In Valencia wurde die Paella erfunden, und nur hier gibt es Antwort auf die Fragen: Was gehört hinein? Fisch oder Fleisch? Wie wird alles gelb? Eine Reise zum Ursprung der berühmten Reispfanne.

Die Urkunde sieht aus, als hätte Seine Majestät, der spanische König, persönlich Hand angelegt. Sie wimmelt vor Wappen, Kronen, Schnörkeln auf gerolltem Pergament. Fehlt nur noch die öffentliche Ausrufung. „Hiermit sei verkündet: Der Koch Francisco Serrano Marco hat den landesweiten Paella-Wettbewerb des Syndikats der Reisbauern Spaniens gewonnen!“

Auch 36 Jahre nach seinem historischen Sieg platzt der kugelrunde Restaurantchef vor Stolz. „Das war noch ein richtiger Paella-Wettbewerb“, sagt er, „nicht wie heute, wo manche Teilnehmer zu dumm sind, um einen Kochlöffel zu halten.“ Inzwischen gebe es an jeder Straßenecke Wettbewerbe, alles nur für die Touristen. Seit seinem Triumph steht der Chef unter dem schweren Verdacht, dass in seinem Restaurante Cañas y Barro eine der besten Paellas Spaniens entsteht. An guten Tagen trägt die Küchencrew schon mal 80 der großen Pfannen an die Tische.

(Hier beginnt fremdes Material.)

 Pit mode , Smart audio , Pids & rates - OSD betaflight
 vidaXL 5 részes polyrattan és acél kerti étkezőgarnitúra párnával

Das Lokal liegt in El Palmar, vor den Toren Valencias. Hier, an der großen Küstenlagune La Albufera, befindet sich die Wiege dieses Reisgerichts, das zu Spaniens Identität gehört wie Stierkampf und Flamenco. In El Palmar sieht man kleine Würfelhäuser und Paella-Restaurants entlang der Hauptstraße, die kühle Eleganz gekachelter Hauswände, zwischendrin als museale Relikte die letzten reetgedeckten Fischerhäuser, die eine weiße Mütze aus Mörtel auf dem Dachfirst tragen. Dahinter leuchtet das üppige Grün der Reisfelder, in denen Kraniche wie eingeschlagene Pfosten stehen. In den Kanälen, die sich durch das Dorf ziehen und von denen zwei noch Verbindung zum Meer haben, schaukeln die Boote der Einheimischen.

Wenn Valencia die Heimat der Paella Valenciana ist, dann ist El Palmar das Epizentrum. Hier wurde die Paella erfunden, am größten See Spaniens, der einst eine Meeresbucht war, hier liegt das größte Reisanbaugebiet des Landes. Hier haben Landarbeiter auf dem Feld einen Dreifuß aufgestellt, die große Pfanne daraufgesetzt und das erste goldgelbe Durcheinander angerichtet. „Hey Pepe, sammle noch etwas Holz!“ „Manolo, wo sind denn die Kaninchenkeulen, und bring noch ein paar Bohnen aus deinem Garten!“ Auf historischen Bildern sieht man stämmige Arbeiter in rauer Kluft, die sich um die schwarze Pfanne scharen, in der eine Reis-Gemengelage vor sich hin simmert. Damals, im 16. oder 17. Jahrhundert, ahnte niemand, dass dies einfache Essen die berühmteste Speise ganz Spaniens werden sollte.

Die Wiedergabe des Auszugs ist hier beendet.